Retina 2013 Apr;33(4):862-6
Department of Ophthalmology, Henry C. Witelson Ocular Pathology Laboratory, McGill University, Montreal, Canada.
Purpose: SIRT1 is a deacetylase that has been shown to be instrumental in embryonic and pathologic vascular formation. The purpose of this study was to evaluate the potential role of SIRT1 in the pathogenesis of choroidal neovascularization in age-related macular degeneration.
Methods: The expression of SIRT1 was assessed via immunohistochemistry in nine excised human choroidal neovascularization membranes and seven non-age-related macular degeneration donor eyes.
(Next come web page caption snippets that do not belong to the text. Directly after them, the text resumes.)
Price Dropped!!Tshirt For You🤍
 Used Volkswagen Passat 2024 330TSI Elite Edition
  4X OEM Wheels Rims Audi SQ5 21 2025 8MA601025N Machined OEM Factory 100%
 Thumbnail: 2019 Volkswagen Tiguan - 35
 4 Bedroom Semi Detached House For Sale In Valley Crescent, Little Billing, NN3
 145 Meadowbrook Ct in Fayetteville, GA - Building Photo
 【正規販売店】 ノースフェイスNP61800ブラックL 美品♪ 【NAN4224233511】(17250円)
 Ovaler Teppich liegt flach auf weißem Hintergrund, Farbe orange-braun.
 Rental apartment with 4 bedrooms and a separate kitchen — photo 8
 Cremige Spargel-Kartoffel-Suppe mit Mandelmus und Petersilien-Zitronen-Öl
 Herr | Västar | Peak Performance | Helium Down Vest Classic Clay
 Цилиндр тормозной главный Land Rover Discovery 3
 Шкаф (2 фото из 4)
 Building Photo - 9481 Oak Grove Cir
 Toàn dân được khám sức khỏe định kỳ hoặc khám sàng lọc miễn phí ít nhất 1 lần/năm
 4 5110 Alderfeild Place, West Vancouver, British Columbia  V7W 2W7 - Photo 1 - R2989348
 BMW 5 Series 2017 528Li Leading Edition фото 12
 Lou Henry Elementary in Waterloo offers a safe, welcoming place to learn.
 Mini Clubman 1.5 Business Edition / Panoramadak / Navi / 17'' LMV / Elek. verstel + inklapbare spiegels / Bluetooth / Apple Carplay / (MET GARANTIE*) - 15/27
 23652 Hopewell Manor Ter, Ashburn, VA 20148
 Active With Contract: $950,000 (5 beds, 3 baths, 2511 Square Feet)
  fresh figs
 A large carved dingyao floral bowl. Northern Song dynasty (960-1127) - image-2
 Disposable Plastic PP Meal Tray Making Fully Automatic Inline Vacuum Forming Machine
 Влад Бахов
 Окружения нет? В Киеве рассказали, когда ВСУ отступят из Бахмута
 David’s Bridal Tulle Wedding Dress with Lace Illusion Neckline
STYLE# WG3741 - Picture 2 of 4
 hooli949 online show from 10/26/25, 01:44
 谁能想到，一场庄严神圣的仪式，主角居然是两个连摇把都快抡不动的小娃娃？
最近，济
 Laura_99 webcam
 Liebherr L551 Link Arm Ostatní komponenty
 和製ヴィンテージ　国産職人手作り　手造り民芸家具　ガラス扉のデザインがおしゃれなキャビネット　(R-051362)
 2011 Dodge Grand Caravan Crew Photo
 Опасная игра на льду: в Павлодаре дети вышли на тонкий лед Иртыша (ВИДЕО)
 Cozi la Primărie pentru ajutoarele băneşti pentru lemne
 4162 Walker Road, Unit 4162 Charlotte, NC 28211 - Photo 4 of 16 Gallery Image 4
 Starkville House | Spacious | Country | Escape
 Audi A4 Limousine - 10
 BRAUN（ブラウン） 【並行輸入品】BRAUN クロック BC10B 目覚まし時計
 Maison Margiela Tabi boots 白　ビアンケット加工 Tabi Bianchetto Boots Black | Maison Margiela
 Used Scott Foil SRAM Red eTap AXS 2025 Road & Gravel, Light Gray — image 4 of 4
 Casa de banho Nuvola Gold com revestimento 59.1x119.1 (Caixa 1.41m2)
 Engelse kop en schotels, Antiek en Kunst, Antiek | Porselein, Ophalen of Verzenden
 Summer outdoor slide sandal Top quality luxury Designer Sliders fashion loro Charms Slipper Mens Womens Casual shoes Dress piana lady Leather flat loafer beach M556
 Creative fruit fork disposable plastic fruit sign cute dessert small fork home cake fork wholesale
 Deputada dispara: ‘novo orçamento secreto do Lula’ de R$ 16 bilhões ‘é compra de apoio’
Enzyme-linked immunosorbent assay-based angiogenesis arrays were used to assess the potential of an SIRT1 inhibitor, nicotinamide, to reduce secretion of 10 unique proangiogenic cytokines from retinal pigment epithelial cells.
Results: SIRT1 was expressed more frequently in choroidal neovascularization membranes than donor eyes about vascular endothelial cells (78 vs. 29% positive cases) and retinal pigment epithelial cells (57 vs. 14% positive cases). SIRT1 inhibition in retinal pigment epithelial cells correlated with significantly decreased secretion of three potent proangiogenic cytokines: angiogenin, platelet-derived growth factor BB, and vascular endothelial growth factor A.
Conclusion: SIRT1 levels appear elevated in human choroidal neovascularization membranes compared with control eyes. Moreover, inhibition of SIRT1 activity is correlated with decreased secretion of potent proangiogenic cytokines. Collectively, these data support a potential role for SIRT1 in the pathogenesis of neovascular age-related macular degeneration.